● MATERIAL PROVIDED:
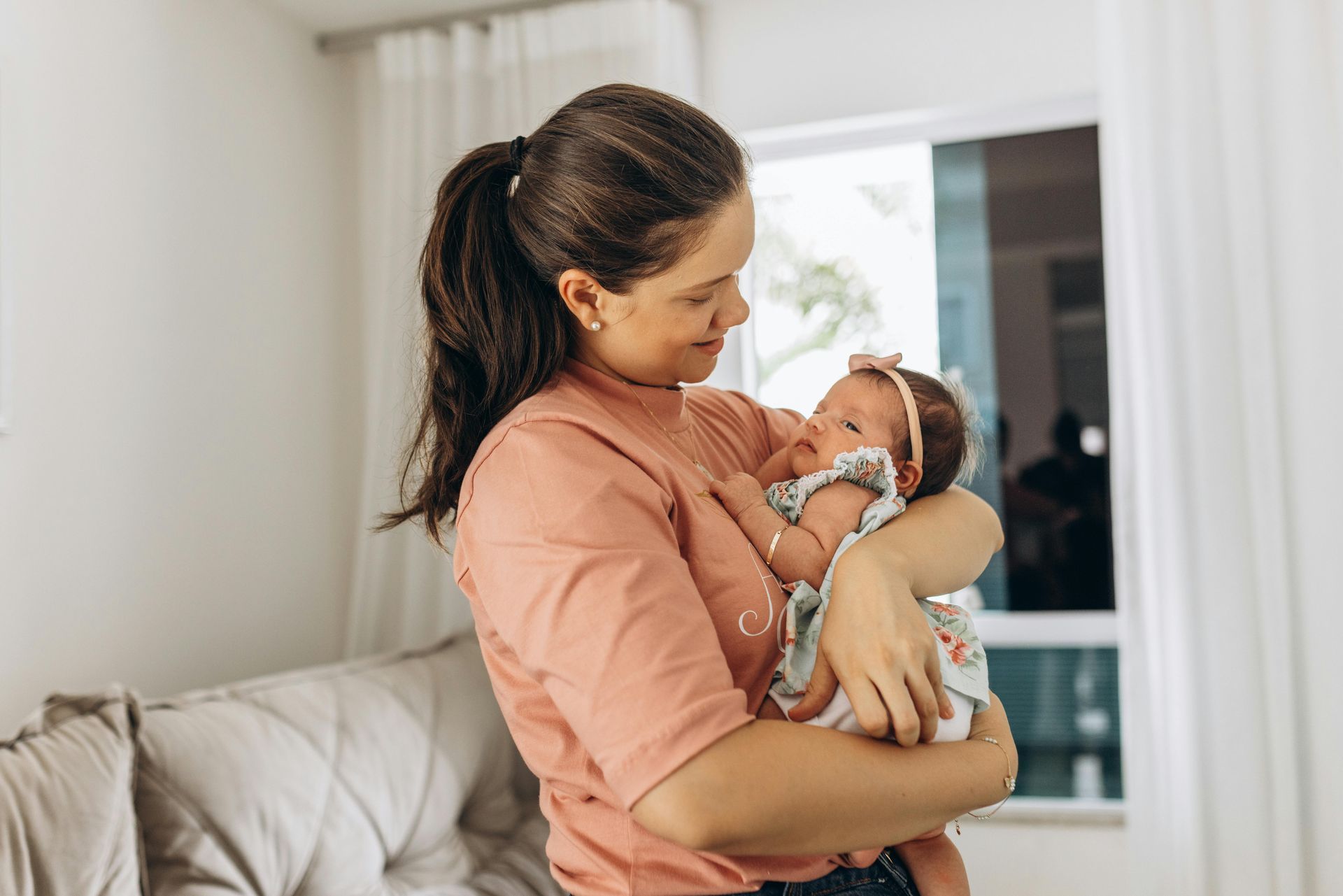 Single postpartum mom with newborn baby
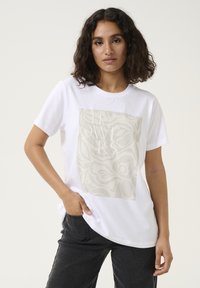 T-shirt blanc en coton présentant un grand motif floral subtil en beige et le mot "FLEURS" brodé en blanc sur le devant.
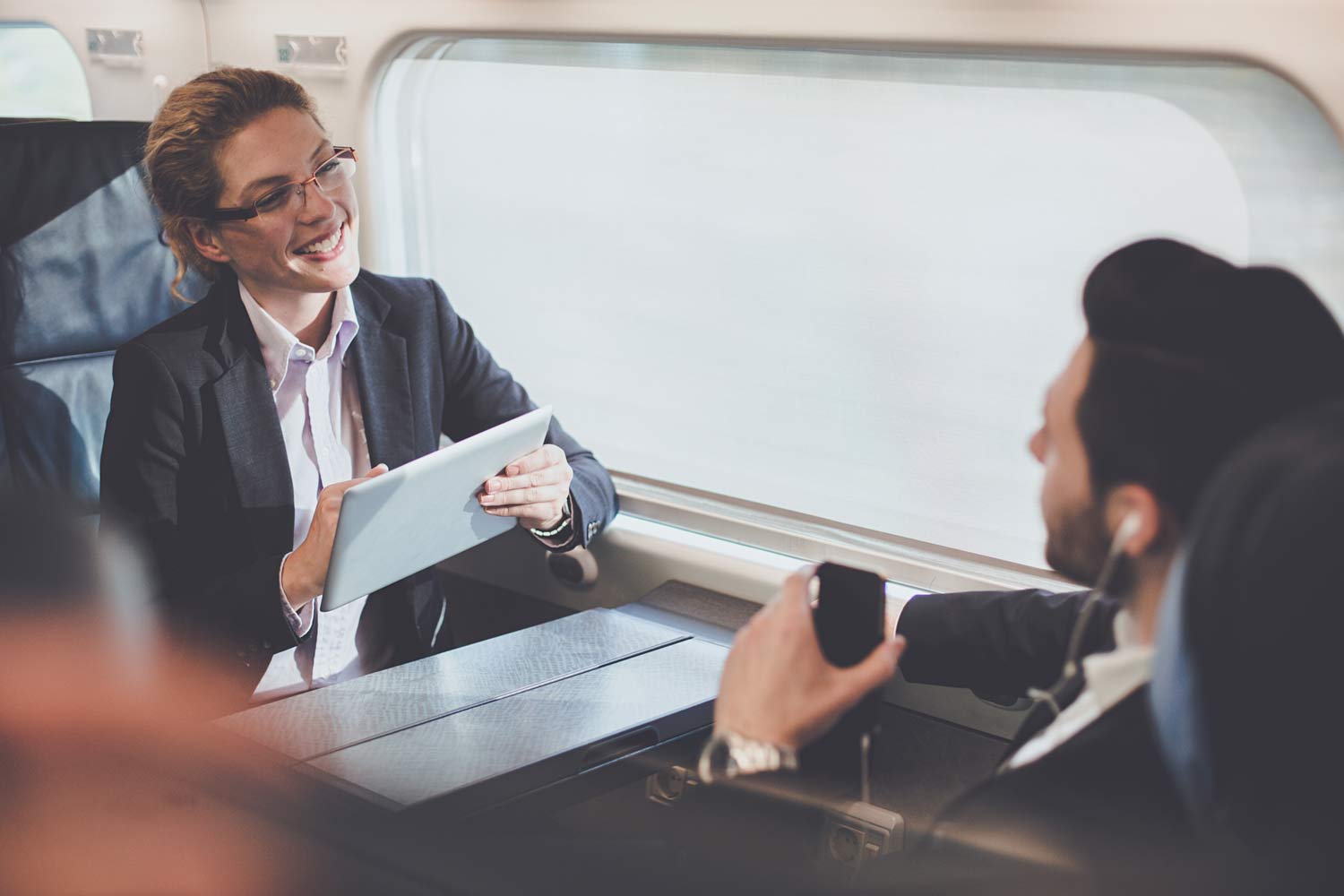 Mulher executiva com tablete e homem ao telemóvel, frente a frente numa mesa de reuniões, junto à janela, no Alfa Pendular.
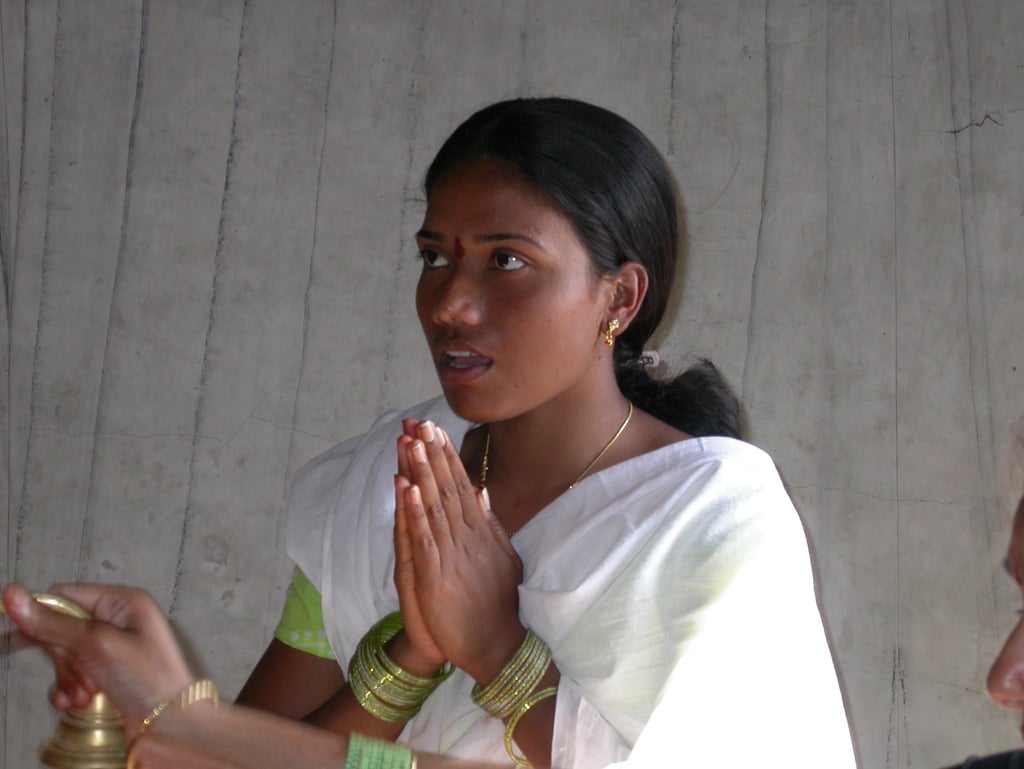 Indian Girl praying to the Goddess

● REQUIREMENT: Only the pictures are dropped. Otherwise, write out the listing exactly.

● COMPLETED TASK:
 Single postpartum mom with newborn baby
 T-shirt blanc en coton présentant un grand motif floral subtil en beige et le mot "FLEURS" brodé en blanc sur le devant.
 Mulher executiva com tablete e homem ao telemóvel, frente a frente numa mesa de reuniões, junto à janela, no Alfa Pendular.
 Indian Girl praying to the Goddess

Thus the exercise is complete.